* _Crawled caption data_
# # # # #
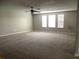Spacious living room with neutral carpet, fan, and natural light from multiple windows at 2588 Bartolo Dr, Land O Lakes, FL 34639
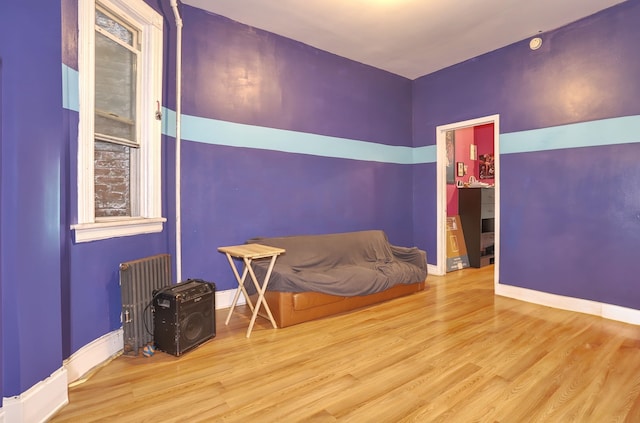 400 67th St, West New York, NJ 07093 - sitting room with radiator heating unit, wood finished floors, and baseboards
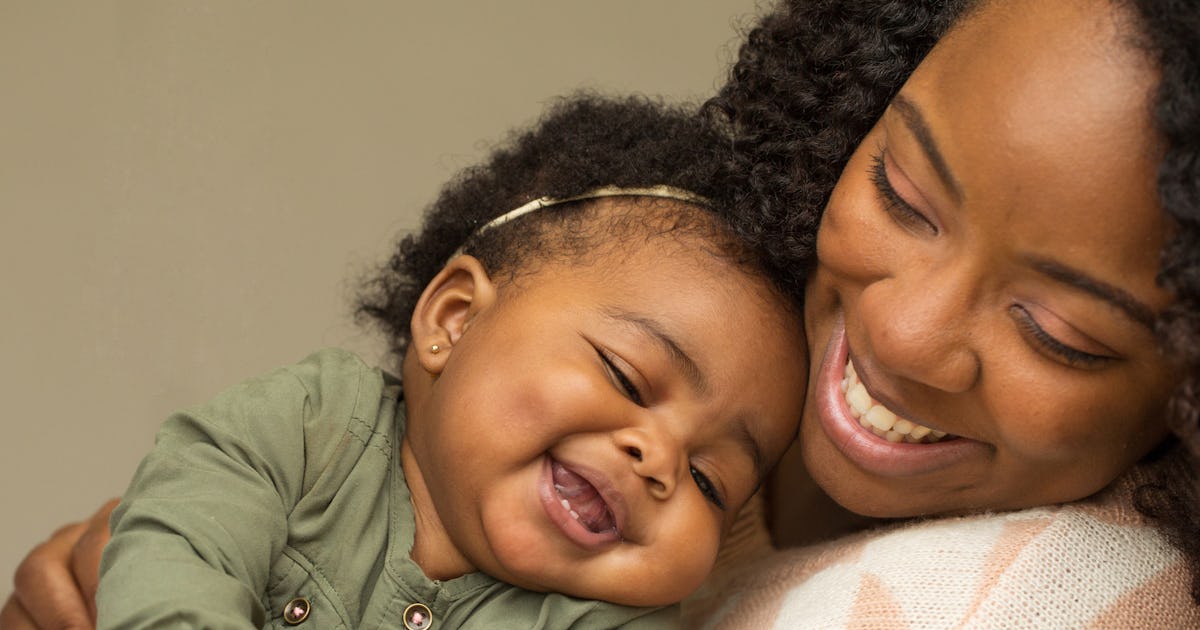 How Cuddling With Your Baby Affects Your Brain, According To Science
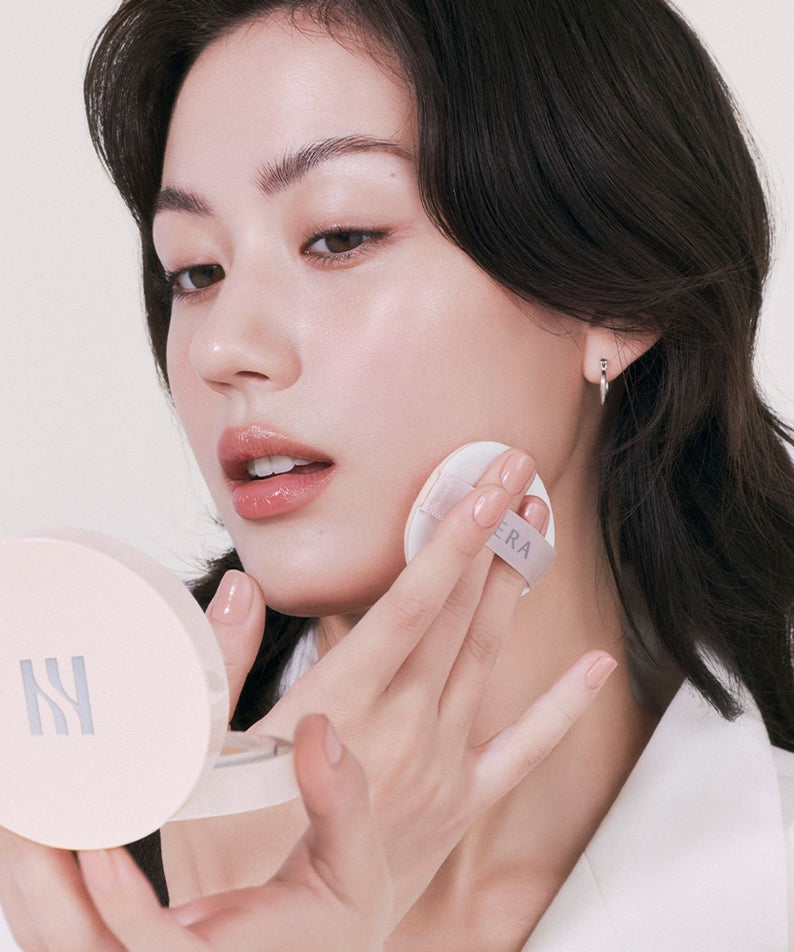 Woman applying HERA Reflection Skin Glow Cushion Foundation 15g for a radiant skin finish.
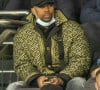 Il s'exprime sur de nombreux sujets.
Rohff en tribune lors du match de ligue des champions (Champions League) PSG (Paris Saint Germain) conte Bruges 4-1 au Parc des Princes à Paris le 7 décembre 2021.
# # # # #
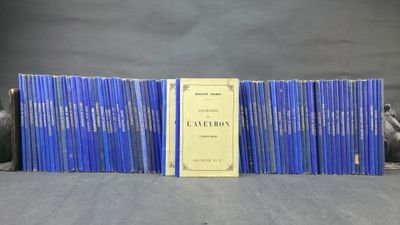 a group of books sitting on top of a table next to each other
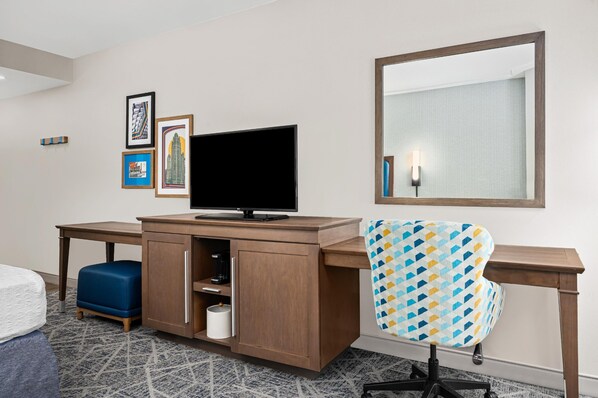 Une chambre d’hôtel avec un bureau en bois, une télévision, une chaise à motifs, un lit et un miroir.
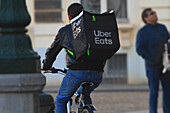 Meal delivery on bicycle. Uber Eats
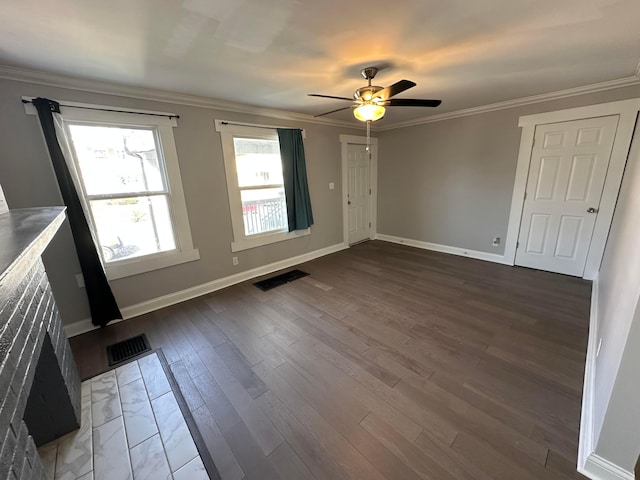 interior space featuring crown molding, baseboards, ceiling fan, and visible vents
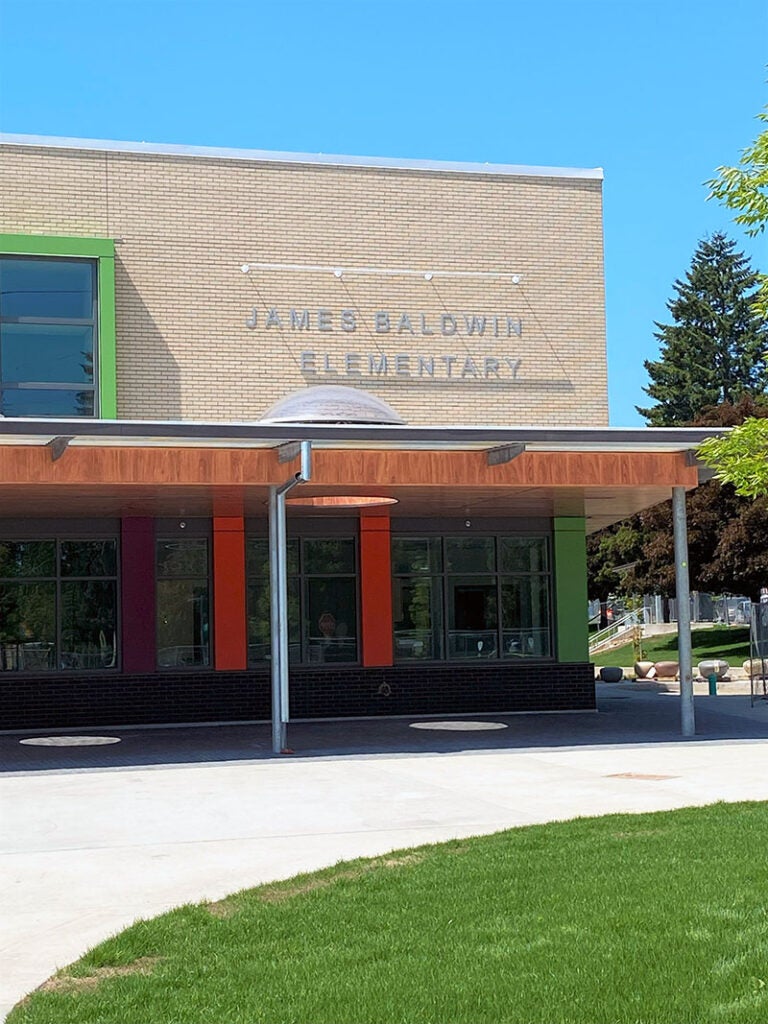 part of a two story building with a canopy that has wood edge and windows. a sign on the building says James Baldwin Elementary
# # # # #
* _TASK REQUIREMENTS_
Make an exact copy of the lines above, beginning with the line with "400 67th St, West" and ending with the line with "Rohff en tribune", and keep the pictures out of it.

* _SOLUTION_
 400 67th St, West New York, NJ 07093 - sitting room with radiator heating unit, wood finished floors, and baseboards
 How Cuddling With Your Baby Affects Your Brain, According To Science
 Woman applying HERA Reflection Skin Glow Cushion Foundation 15g for a radiant skin finish.
 Il s'exprime sur de nombreux sujets.
Rohff en tribune lors du match de ligue des champions (Champions League) PSG (Paris Saint Germain) conte Bruges 4-1 au Parc des Princes à Paris le 7 décembre 2021.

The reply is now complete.